Proof of this borrowing between genres can be found in the fact that in 2010 Laura Marling’s ‘Rambling Man’ was nominated for both a Radio 2 Folk award, alongside folk greats Andy Cutting and Eliza Carthy, while her album was nominated for a Mercury Music Prize alongside indie greats The xx and Wild Beasts.
Its clear from the prevalence of bands such as Fleet Foxes and Johnny Flynn that popular genres are learning from folk to great commercial success, but there is a danger of alienating audiences.
Take Mumford and Sons: they have exploited their success too such a degree that people now consider them inauthentic and bland, a pop band falsely donning folk apparel.
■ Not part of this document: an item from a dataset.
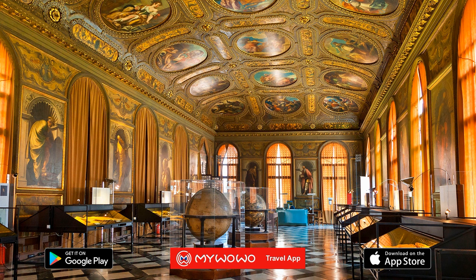And here we are on the first floor of the Carrera Museum. Are you ready to go on a walk through time, browsing the memories of the ancient Republic of St. Mark?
Likewise, if a band like Laue pushed too far in the abstract electronic direction, they’d risk losing many of their fans.
It’s principally a question of choosing between success and sticking to your roots, although it’s arguable that bands like Mumford and Sons and Noah and the Whale have no genuine ‘roots.’ In their hands, folk becomes an empty, tacked on sign of authenticity and originality, as though the addition of a banjo renders a pop song revolutionary. While it can be disheartening to see such bastardisations of the folk tradition, it is worth remembering that there are many musicians using these influences in new and exciting ways that help combat this over-saturation. Pop may have had its way with folk, but the tradition continues to thrive in other areas.